Copy exactly. Include the line containing "An aerial view", every line after it, and the last line below, but no pictures.

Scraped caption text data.
# # # # #

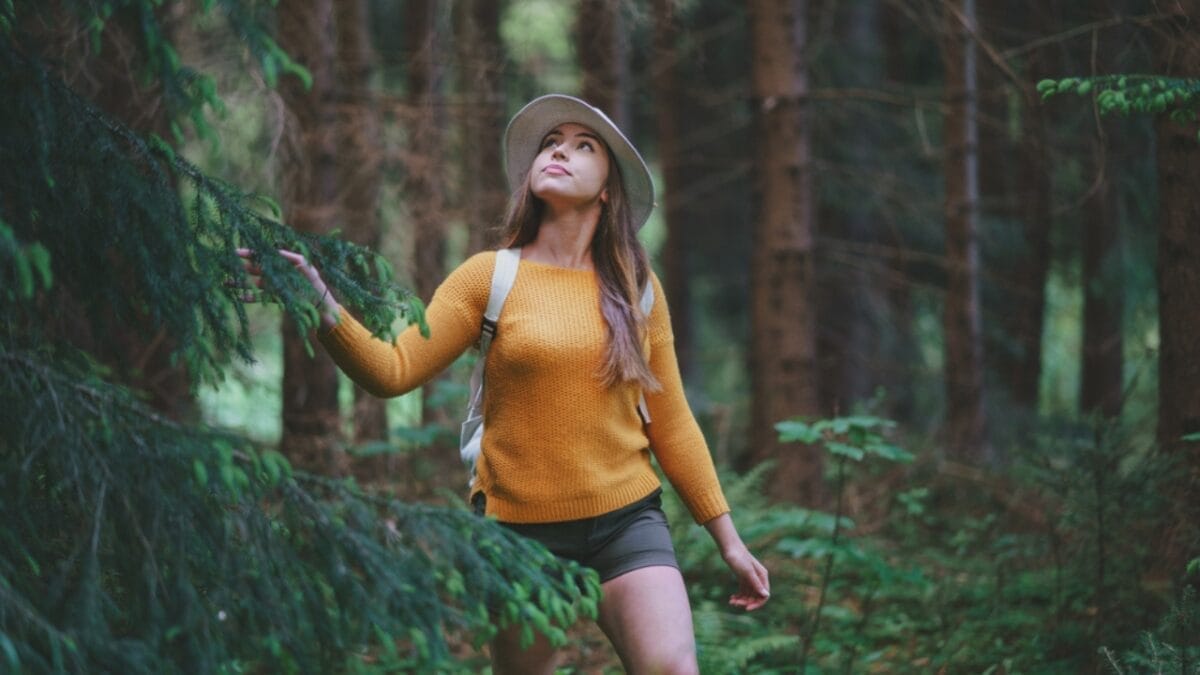 36 Calming Slow Living Hobbies & Habits for Ultimate Relaxation 25 36 Calming Slow Living Hobbies & Habits for Ultimate Relaxation - girl in forest dp383403918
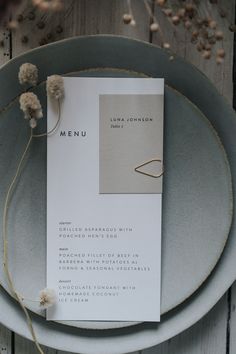 the menu card is placed on top of the plate, with dried flowers in front of it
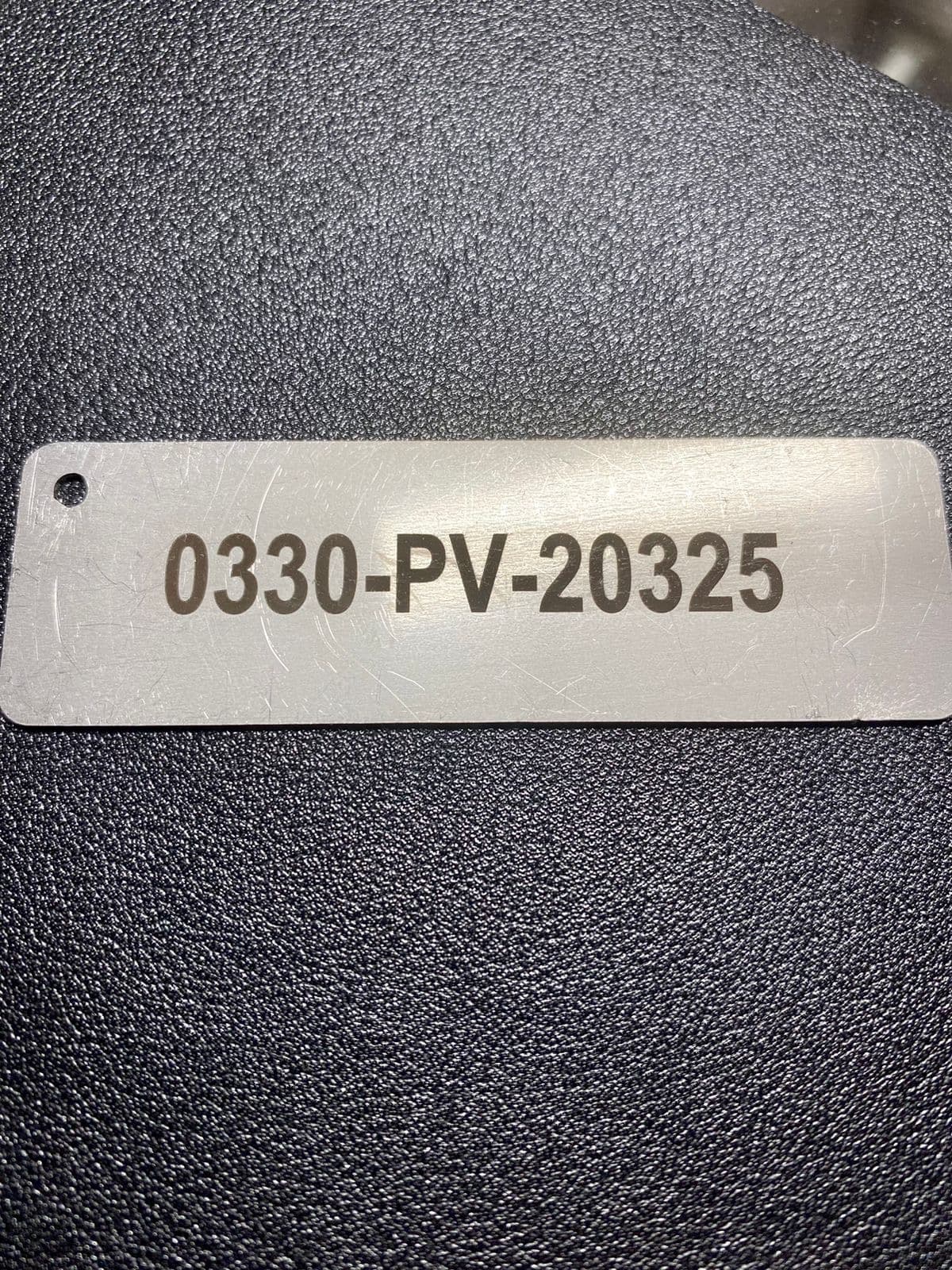 Detalle de placa de acero inoxidable grabada al láser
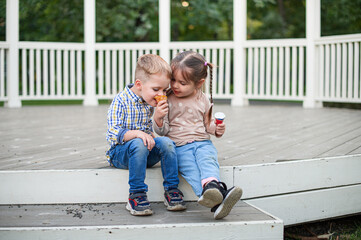 Happy Children Eating Ice Cream Outdoors on a Wooden Terrace
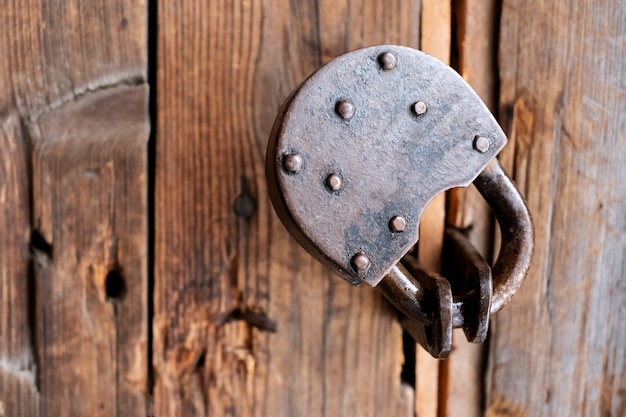 Oude roestige hangslotclose-up op een houten deur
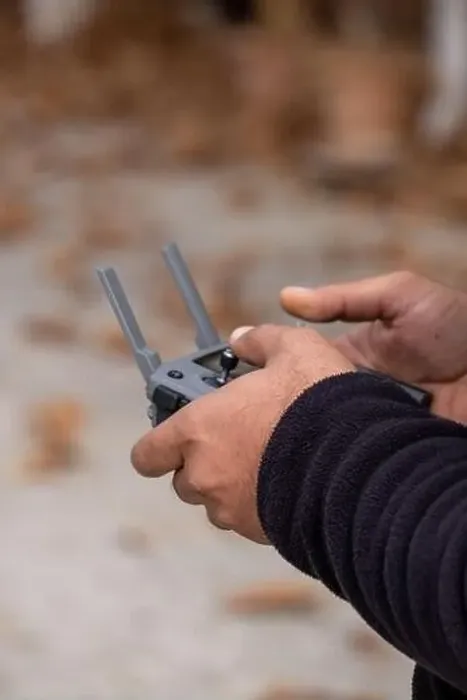 Framed Print : hand holding remote controller of flying drone Framed Print : hand holding remote controller of flying drone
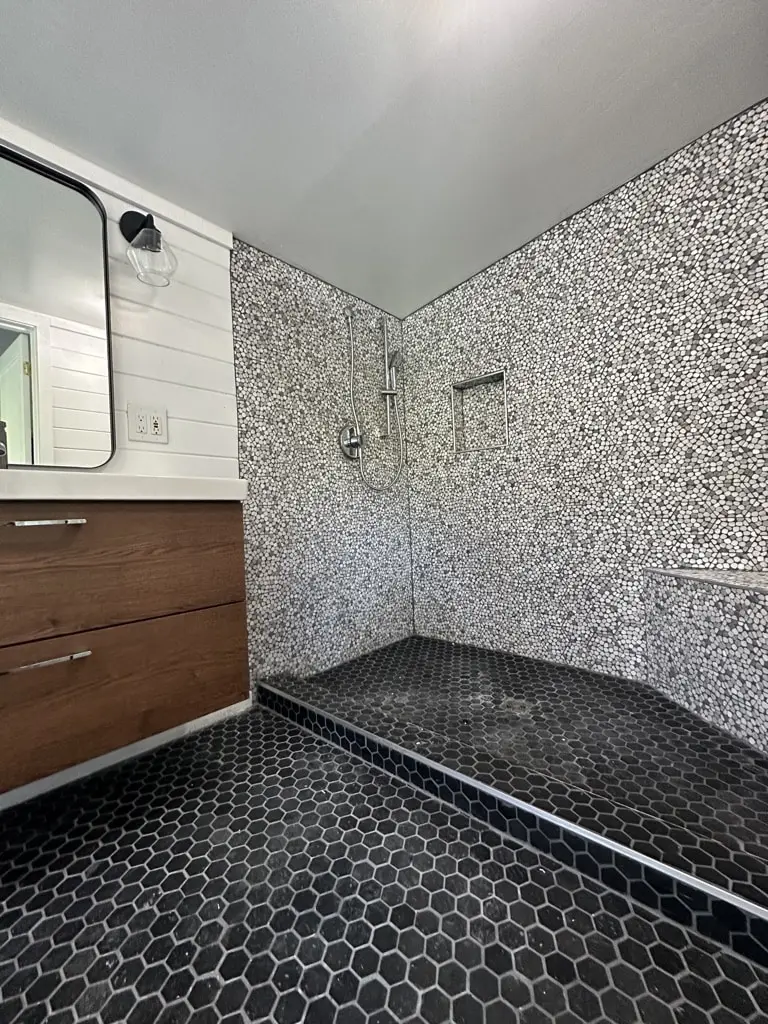 View from the vanity into the large walk-in shower with mosaic walls and a black tile floor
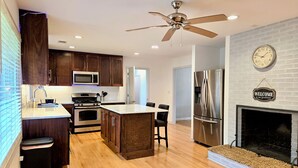 A modern kitchen with wooden cabinets, stainless steel appliances, and a central island. - Tranquil Ranch Style Retreat w/ 2+ Acres of Land (Marietta)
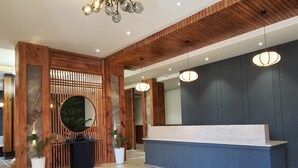 Un área de recepción con un mostrador de madera, un espejo grande y una lámpara de araña moderna.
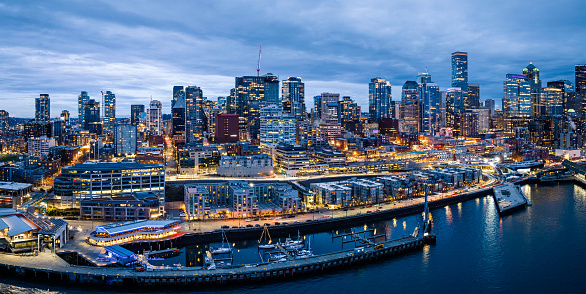 An aerial view of the Seattle Washington waterfront.  A marina and condominiums are visible in the foreground.  In the mid and background are the skyscrapers of the city.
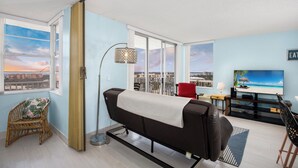 Una sala de estar moderna con un sofá, una butaca, un televisor y vistas a un paisaje urbano a través de amplios ventanales.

# # # # #

Solution for this task.
 An aerial view of the Seattle Washington waterfront.  A marina and condominiums are visible in the foreground.  In the mid and background are the skyscrapers of the city.
 Una sala de estar moderna con un sofá, una butaca, un televisor y vistas a un paisaje urbano a través de amplios ventanales.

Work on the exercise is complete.